UW was a huge school and I was small. I drowned in anxiety and depression, unable to help myself and too frightened to seek out the help I needed. I skipped class most days and took to binge drinking when I felt particularly helpless.

The simplest tasks became impossible chores. Cleaning my room, meeting a friend, working out — they all seemed too daunting. I was lost. After two quarters, I dropped out.

I wasn’t even 19 years old and was already moving back in with Mom and Dad. It wasn’t ideal to say the least, and they made little effort to hide their disapproval. I bounced from one dead-end job to the next. I worked at Taco Bell for a few months, volunteered at the local hospital, moved cars for a Honda dealership — at one point I was working as a “specimen processing technician,” which is a fancy way of saying I poured people’s urine samples into a vile for drug testing. I still joke that it was the pissiest job I ever had.

I tried joining the Navy to become a corpsman but was ultimately rejected due to budget cuts. After that, I felt like I had exhausted every option. I started running with a bad crowd — the kind of people who felt like they had no options left either.

After several interventions, my parents gave me an ultimatum: Make a change or find somewhere else to live. This was my wakeup call — even my impossibly supportive parents were ready to feed me to the wolves.

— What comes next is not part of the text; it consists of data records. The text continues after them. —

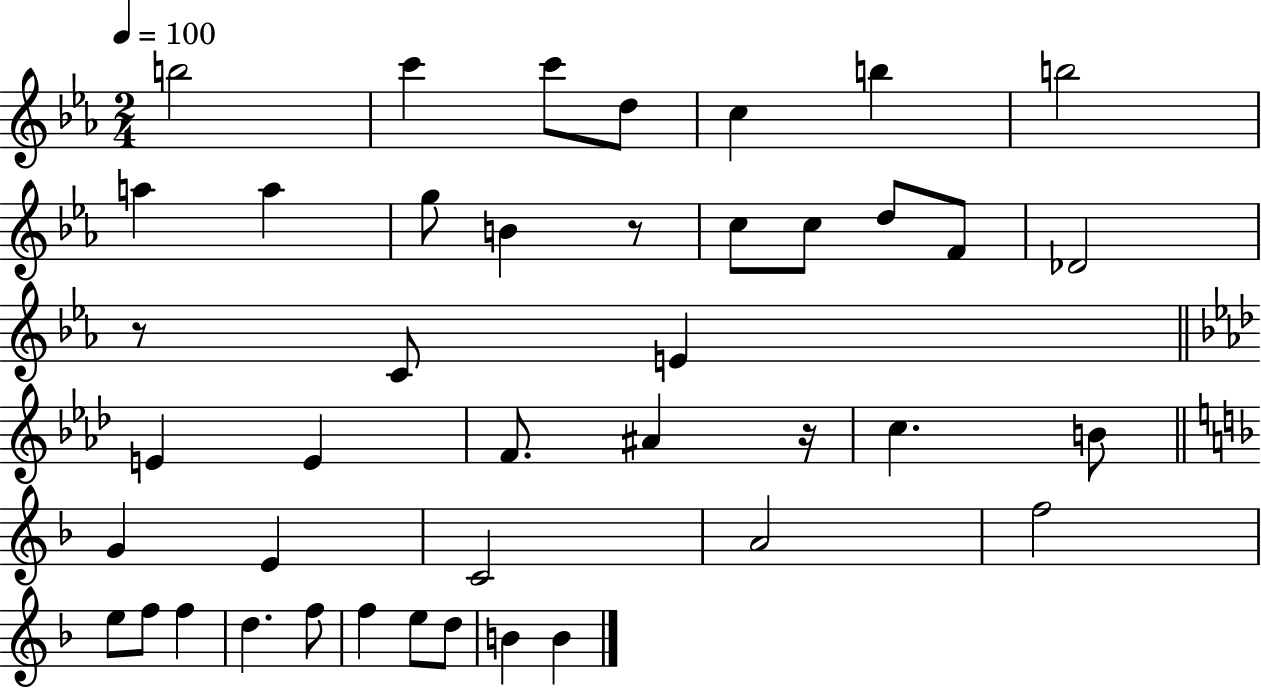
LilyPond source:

{
  \clef treble
  \numericTimeSignature
  \time 2/4
  \key ees \major
  \tempo 4 = 100
  b''2 | c'''4 c'''8 d''8 | c''4 b''4 | b''2 | \break a''4 a''4 | g''8 b'4 r8 | c''8 c''8 d''8 f'8 | des'2 | \break r8 c'8 e'4 | \bar "||" \break \key f \minor e'4 e'4 | f'8. ais'4 r16 | c''4. b'8 | \bar "||" \break \key f \major g'4 e'4 | c'2 | a'2 | f''2 | \break e''8 f''8 f''4 | d''4. f''8 | f''4 e''8 d''8 | b'4 b'4 | \break \bar "|."
}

Going back to university still wasn’t appealing to me. I had always loved music and photography, so attending technical school for a production degree caught my interest. The only problem was that I had no money and my parents had no desire to fund another fruitless attempt at higher education.
 I had to come up with the money myself. I didn’t want to toil away and save for ages so I needed a job that would pay well. This is how I came to work for a commercial fishing company in Valdez, Alaska. I wish I could say it was just like “The Deadliest Catch,” but the Alaskan waters are fairly tame in the summer and I spent most of my time on shore.

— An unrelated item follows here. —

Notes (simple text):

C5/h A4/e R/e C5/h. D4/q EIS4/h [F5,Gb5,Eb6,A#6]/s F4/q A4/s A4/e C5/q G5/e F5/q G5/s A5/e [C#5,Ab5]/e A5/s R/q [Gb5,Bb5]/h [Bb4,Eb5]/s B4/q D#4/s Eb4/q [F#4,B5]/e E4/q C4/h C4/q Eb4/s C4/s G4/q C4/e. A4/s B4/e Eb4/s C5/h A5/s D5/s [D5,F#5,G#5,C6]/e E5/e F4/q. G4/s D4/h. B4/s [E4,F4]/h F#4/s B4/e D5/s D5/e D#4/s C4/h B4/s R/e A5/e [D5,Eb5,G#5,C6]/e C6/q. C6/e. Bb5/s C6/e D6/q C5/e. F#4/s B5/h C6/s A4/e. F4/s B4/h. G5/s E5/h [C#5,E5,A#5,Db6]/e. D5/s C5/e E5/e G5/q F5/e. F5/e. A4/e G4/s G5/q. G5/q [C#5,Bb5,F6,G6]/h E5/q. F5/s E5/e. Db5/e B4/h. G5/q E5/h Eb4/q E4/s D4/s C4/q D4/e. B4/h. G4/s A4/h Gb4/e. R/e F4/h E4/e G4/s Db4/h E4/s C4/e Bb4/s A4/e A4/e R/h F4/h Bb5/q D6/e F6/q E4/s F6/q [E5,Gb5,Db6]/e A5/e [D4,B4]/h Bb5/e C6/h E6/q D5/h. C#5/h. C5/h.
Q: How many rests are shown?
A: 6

I could write a book on the four months I spent working there. I worked on average 19 hours per day, seven days a week. During that summer I was shot at, chased by a knife-wielding meth addict, robbed, beaten and marooned on Kodiak for two days. I pushed myself mentally, physically and spiritually further than I ever had before.

I made enough money to go back to school, as well as gained a few stories to tell. Classes started just three days after I got back from Valdez.

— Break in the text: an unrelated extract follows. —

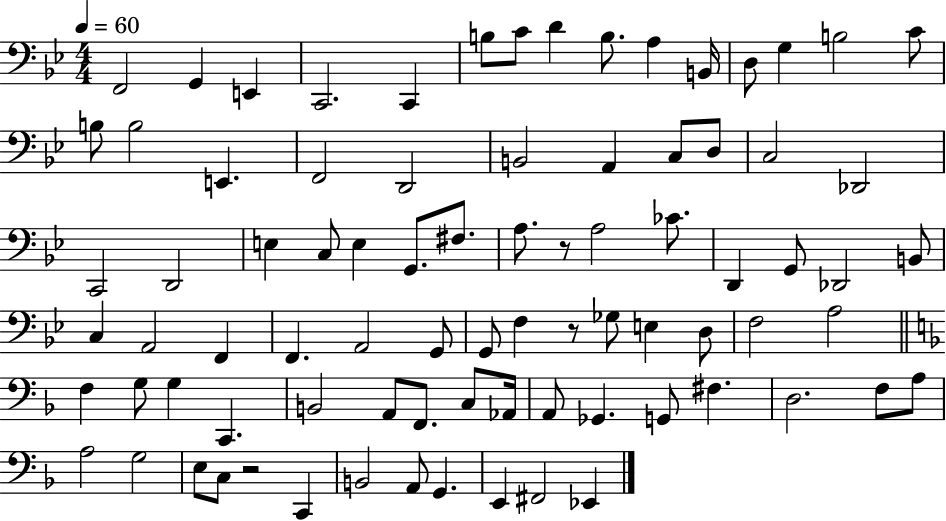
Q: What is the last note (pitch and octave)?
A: Eb2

I was 20 years old when I started at Bates Technical College, and it was no walk in the park. I was one of the youngest people in the program. I had class all morning and worked well into the evening. Although I was living with my parents, they almost never saw me. I left the house for school before they were even out of bed and got home from work after they’d gone to sleep.

Thanks to my time in Alaska, I was already accustomed to being perpetually exhausted. I loved what I was learning and was excited to go to class every day. As my skills in audio engineering and cinematography grew, so too did my confidence.

As I drew close to completing my degree, I realized I wanted to do more than just set up recording studios and wrap cables on movie sets. The idea of applying to Western came from a family friend who worked for National Public Radio.

I ruminated on the thought of going back to university for weeks. Just the thought of going back both terrified and excited me.

I had changed a lot in the four years since my first quarter at UW. I’d become more confident, skilled and tenacious. I had chosen a path and followed through on it. It was only because of all these things I went through that I was able to return to university. It took countless, unending days in Valdez, innumerable burns from soldering irons at tech school, losing my parents’ trust and winning it back, to make me who I am now.

I learned how to ask for help. I went to therapists, I started exercising again, eating better and I worked with my doctors to find anti-anxiety medication that worked well for me.

Where I struggled to go to class years ago, I now lead classes in discussion. Where I was unsure of myself, I now face new challenges with confidence.

I’ve been called arrogant by some, perhaps I am, but they’ll never know how hard I worked to cultivate that confidence. Others have called me confrontational, but they’ve never worked where someone’s life depended on you doing your job correctly.

My path gave me a different perspective than many of my peers, that means sometimes we’re going to disagree. That’s OK, that’s part of attending a university. I may be rough around the edges and occasionally mistaken for faculty, but I’m sure of the path I’m on.